Brensocatib’s approval does not replace the current foundations of bronchiectasis care. The 2025 ERS guideline still strongly recommends airway clearance techniques for most patients, pulmonary rehabilitation for those with impaired exercise capacity, long-term macrolides for patients at high risk of exacerbations, and long-term inhaled antibiotics for patients with chronic Pseudomonas aeruginosa infection who remain at high risk despite standard care.
However, now, a new bronchiectasis treatment does not enter an empty field, and it has to improve outcomes on top of practical disease management. For CatC inhibitors, that means showing that reducing neutrophil serine protease activity can consistently lower exacerbation risk and, ideally, affect symptoms or lung function.
For the infection-focused side of the field, bronchiectasis trials have shown that reducing bacterial burden is not always enough. One of the largest examples was the phase 3 ORBIT program evaluating liposomal ciprofloxacin, an inhaled antibiotic developed by Aradigm and later Grifols, in patients with non-cystic fibrosis bronchiectasis. While one of the two phase 3 studies met its primary endpoint, the other did not, preventing the program from delivering the evidence needed. Subsequent analyses also found no significant improvement in respiratory symptoms over 48 weeks.

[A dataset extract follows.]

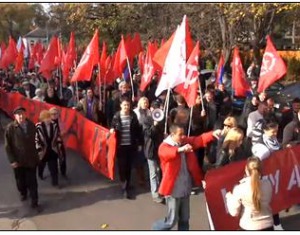 Aceștia s-au înarmat cu megafoane și au scandat „Revoluție”.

That history makes newer anti-Pseudomonas approaches interesting, but it also sets a higher bar for success. Gremubamab reducing P. aeruginosa bacterial load is encouraging, but the clinical question is ultimately about symptoms, whether that translates into fewer exacerbations or slower disease progression.
The current pipeline already reflects a more selective approach than the previous broad bronchiectasis development. This is probably where the field is heading: not away from what already works, but toward drugs that sit on top of them for more clearly defined patients.